Le niveau du fond du fossé est en N et les niveaux des crénelages des courtines en R. En E est tracé le plan du crénelage supérieur, au sol duquel on arrive par l'escalier h. Des hourds étaient disposés tout autour de ce crénelage, ainsi que nous l'avons indiqué partiellement en VV'. Par les fenêtres rr (voyez en D, fig. 41), le poste enfermé dans la tour voyait les parties supérieures de l'enceinte intérieure et communiquait ou recevait des avis. Trente hommes pouvaient facilement loger dans cette tour, y amasser des provisions pour longtemps, avoir de l'eau et faire la cuisine. C'était donc un réduit se défendant encore si l'enceinte extérieure tombait au pouvoir de l'assiégeant. La seule entrée, étroite, était barricadée et fermée avec des barres épaisses.

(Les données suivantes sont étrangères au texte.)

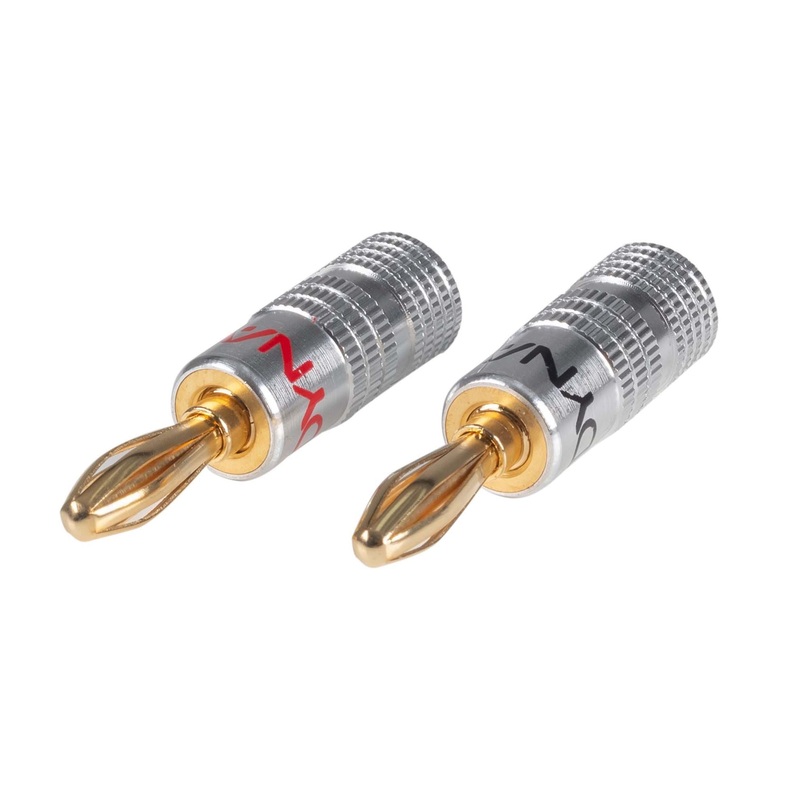 DYNAMIX Banana Plugs Gold Plated with Alloy Jacket, Max 14AWG Cable Colour Coded Red and Black. 50 PAIR Pack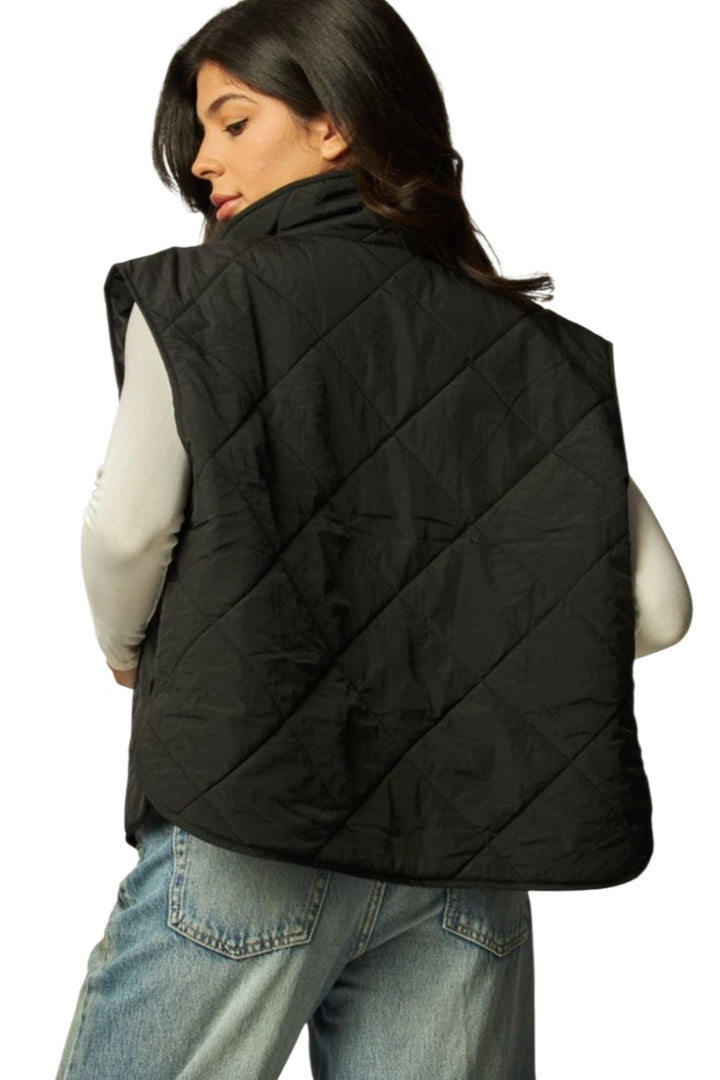 Black Boxy Quilted Puffer Vest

La tour du Trésau, de la même cité de Carcassonne, attachée à l'enceinte intérieure et qui dépend des ouvrages dus à Philippe le Hardi, est aussi un réduit. Nous donnons cette belle tour à l'article CONSTRUCTION fig. 149, 150, 151, 152, 153 et 154.
La tour du Trésau domine de beaucoup les courtines, et, de plus, elle est munie de deux guettes qui permettaient de découvrir tous les abords de la cité de ce côté, le château, la tour du coin ouest au saillant opposé, et tout le front du nord (voyez le plan de la cité, ARCHITECTURE MILITAIRE, fig. 11 122).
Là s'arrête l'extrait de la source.